Rail Strikes! Cost Cutting commuter shares tips to navigate the chaos.


The UK rail strikes have been ongoing since June 2022, with further action expected in the coming months. In May 2024, train drivers across 16 different operators staged a walk-out over a three-day period. Several unions – including the Associated Society of Locomotive Engineers and Fireman (ASLEF) and the National Union of Rail, Maritime and Transport Workers (RMT) - are campaigning for better pay and improved working conditions.

Data revealed that 70% of rail users who had planned to commute by train reported an impact on their working life during a strike week. 32% of commuters were left unable to get to their place of work, while 12% were forced to change their working hours.
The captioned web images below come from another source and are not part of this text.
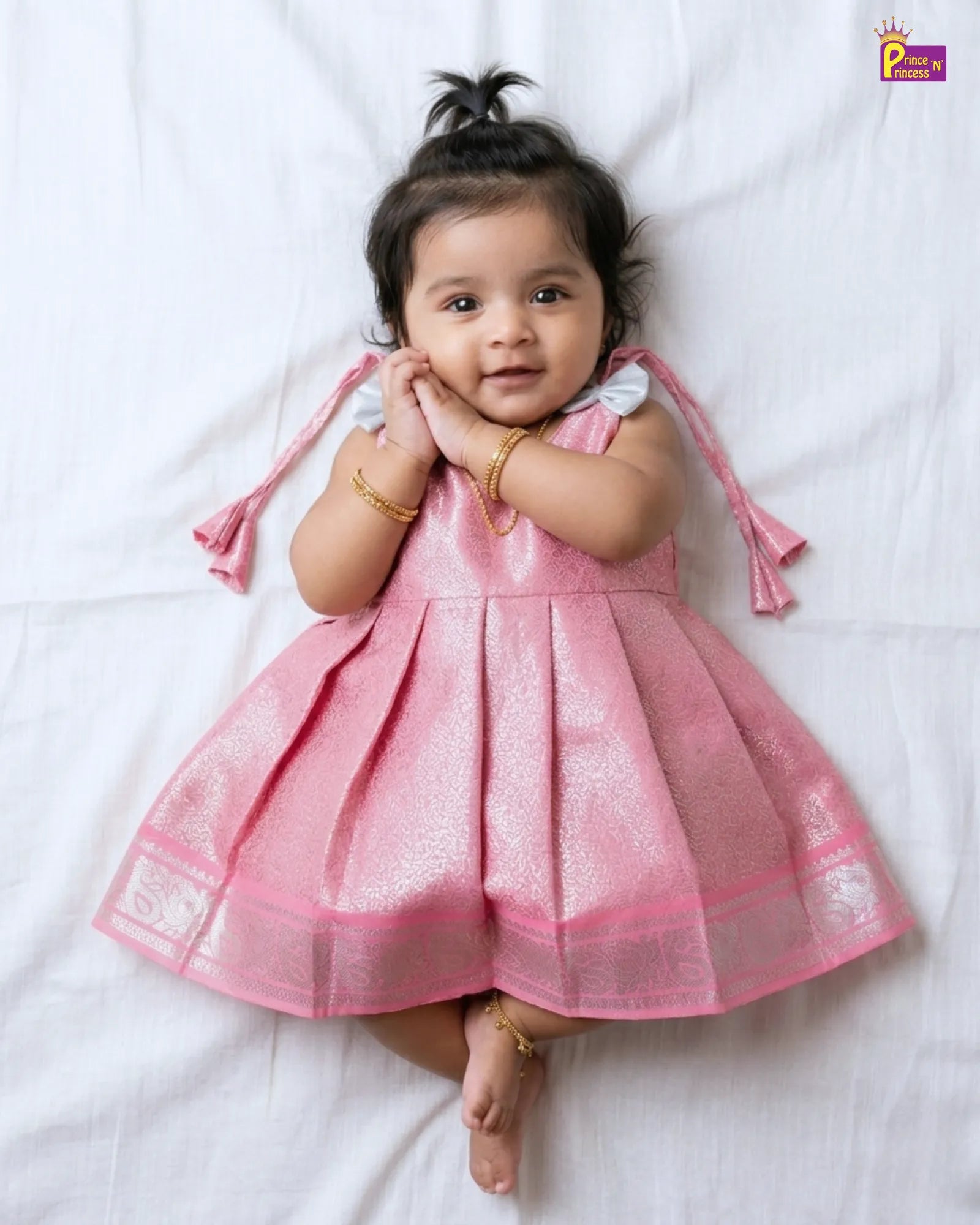 Baby in a pink dress lying on a white surface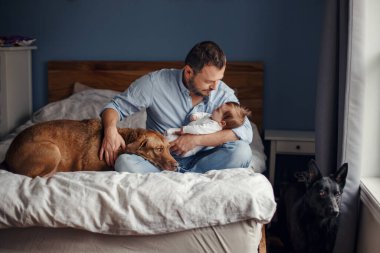 Orta yaşlı beyaz bir baba ve uyuyan yeni doğmuş bir kız bebek. Anne ve baba, sallanan kız evlat oğlunu ellerinde tutuyor. Otantik bir ebeveyn olma anı. Bekar baba aile hayatı..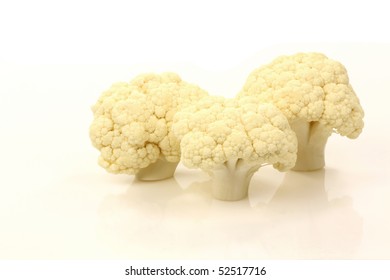 Cut Cauliflower Florets On A White Background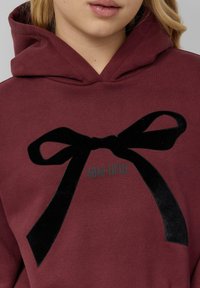 Bordowa bluza z kapturem z grafiką czarnej aksamitnej kokardy i napisem „BOW-TIFUL” w jasnym kolorze, o luźnym kroju i miękkiej fakturze.
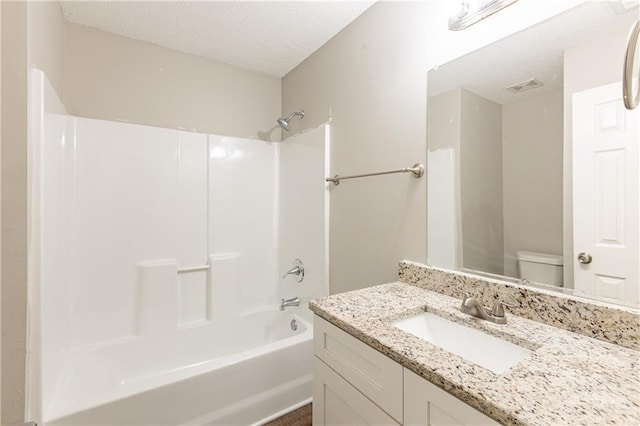 bathroom with a textured ceiling, washtub / shower combination, vanity, and toilet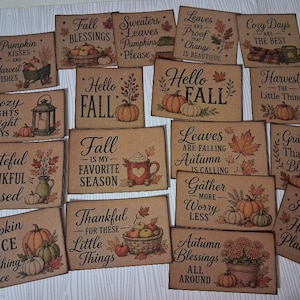 May include: A collection of rectangular wooden signs featuring autumn-themed illustrations and text including Pumpkin Kisses, Hello Fall, Cozy Days, Grateful Thankful Blessed, and Autumn is My Happy Place, decorated with pumpkins, leaves, and mugs.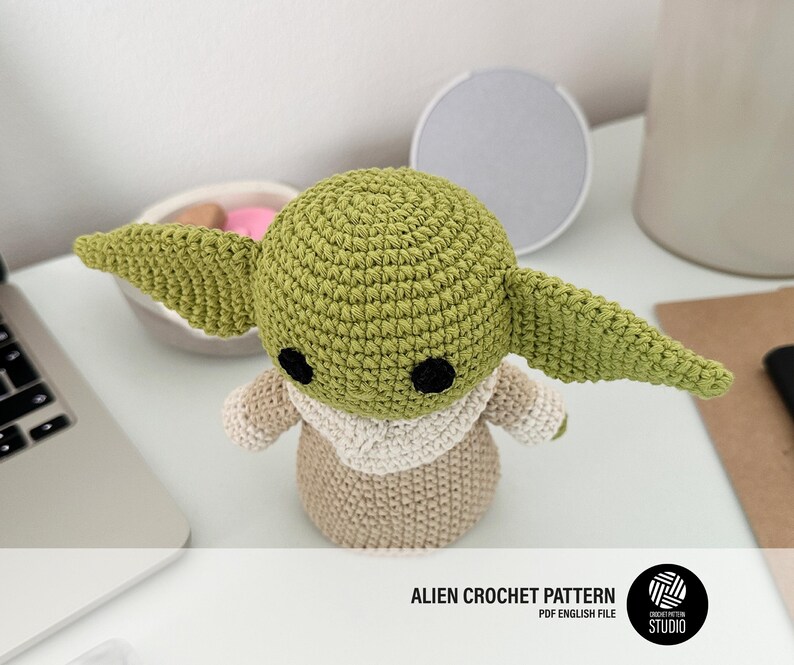 K&ouml;nnte beinhalten: Geh&auml;kelte Alien-Puppe in Gr&uuml;n und Beige, mit gro&szlig;en Ohren und schwarzen Augen. Die Puppe tr&auml;gt ein beiges Outfit und steht auf einer wei&szlig;en Oberfl&auml;che. Der Text lautet "ALIEN CROCHET PATTERN".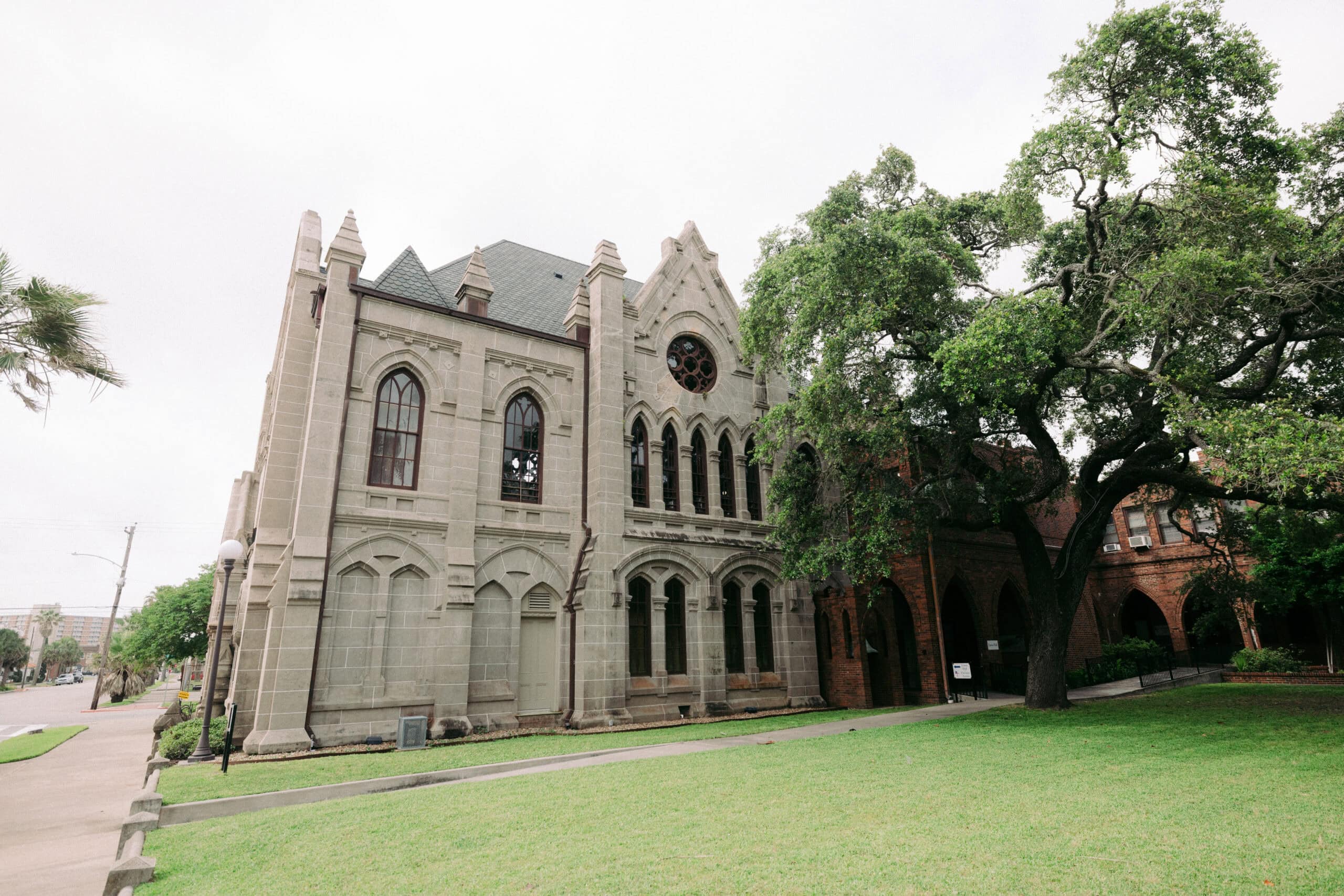 A historic stone building with pointed arches and a large circular window stands next to a lawn and large tree under a cloudy sky. The architecture features Gothic-style elements. - McNatt Contracting
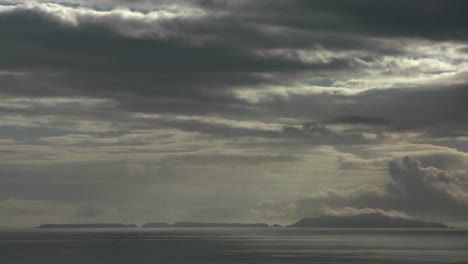 dark storm clouds amass over the ocean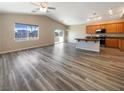 Open concept living room and kitchen with hardwood floors at 9801 Fast Elk St, Las Vegas, NV 89143
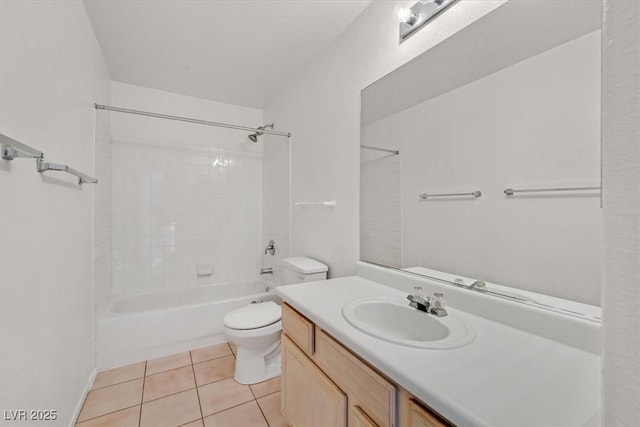 full bathroom with tile patterned floors, vanity, toilet, and tiled shower / bath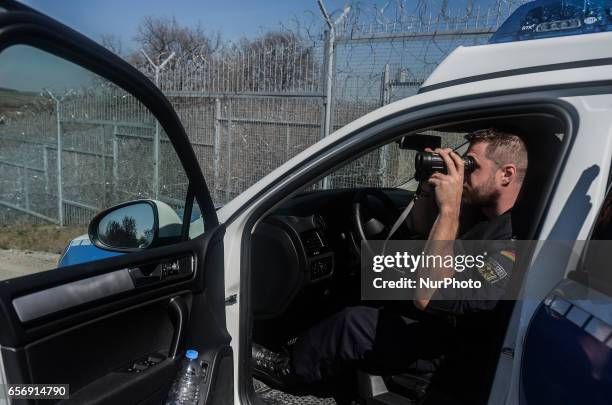 Member of the German federal police looking through his binocle while on patrol along the Bulgaria - Turkish border, near Kapitan Andreevo border...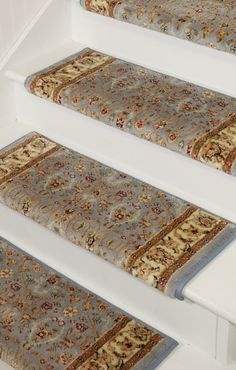 carpeted stair treads with rugs on them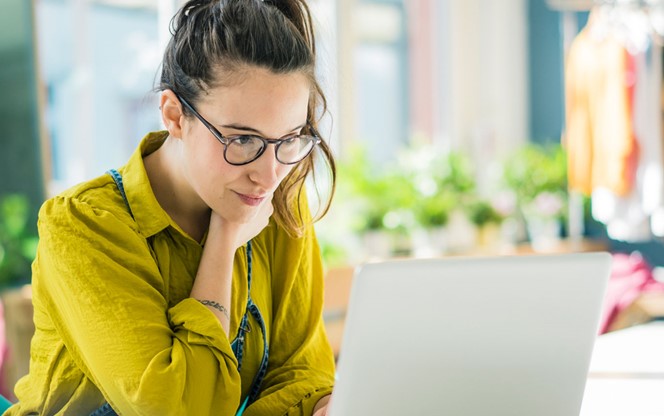 Girl looking at her laptop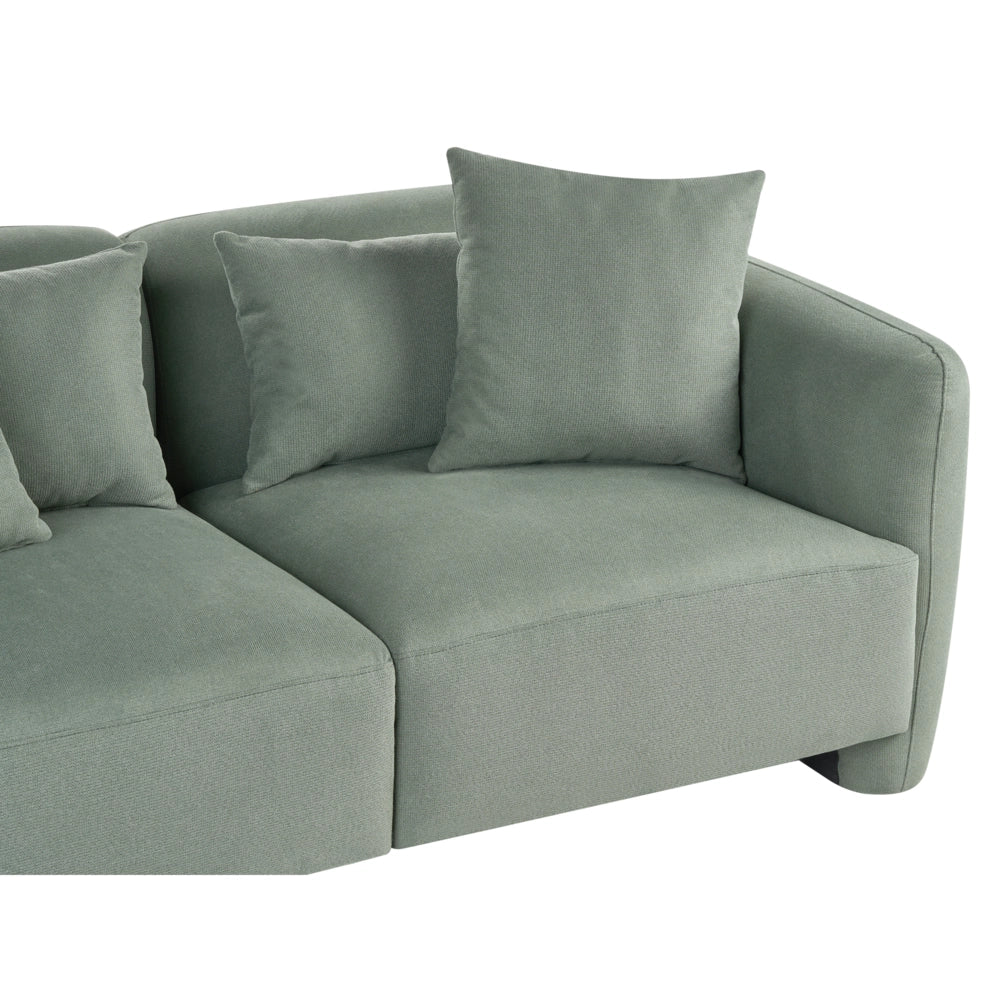 Divano imbottito minimalista a profilo ribassato a 3 posti con seduta profonda verde chiaro stile minimalista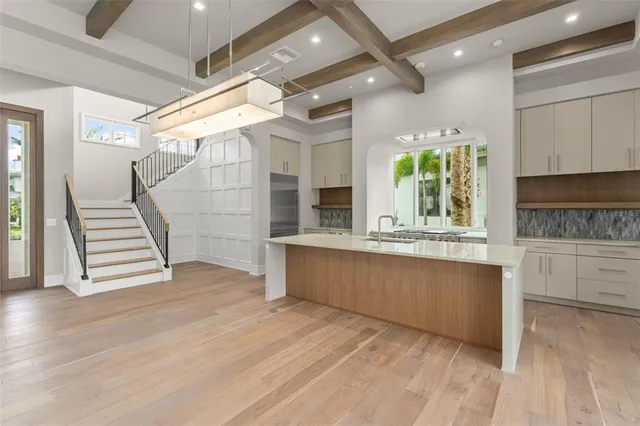 a view of a kitchen with wooden floors and a window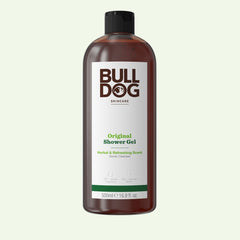 A brown bottle of Bulldog Original Shower Gel for men with a black cap. The 500ml label shows the brand name and notes its refreshing scent and natural ingredients.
Vivamoney.co.uk has partnered with cost-cutting commuter Cara Bradley to share five ways commuters can navigate the ongoing disruption of rail strikes.

Cara Bradley is a regular train user from the Northwest who relies on public transport to commute to and from her place of work. Her five pointers on the rail strikes share ways fellow passengers can navigate the chaos, while ensuring they know how to claim any money that might be owed to them.

1. Plan ahead

‘Unions are required to provide at least two weeks’ notice when proposing strike action. Full details of upcoming strikes can usually be found on the websites of affected operators, as well as through various news outlets,’ Cara says. ‘I use this handy page on the Trainline website to keep up to date with the latest information.
Travel on the day before and after the strike may also be interrupted, with services finishing earlier than usual, so remember to factor this in when planning your journey.

‘Sometimes, different train companies strike on alternate days, while others don’t participate at all. It’s worth bearing in mind that operating services are likely to be very busy during strike days.’

2. Flexible working options

‘If your job allows you the flexibility to work from home, you may be able to avoid the impact of the strikes altogether. Are you a hybrid worker? If so, is there a possibility that you could swap your delegated days in the office to bypass the disruption? If working from home isn’t something your employer usually permits, it might be worth having a conversation with them to explain the situation; they may be willing to make temporary adjustments. The rail strikes have been well-documented on the news for the past couple of years, so your employer is likely to be aware of them and the impact they could cause you.’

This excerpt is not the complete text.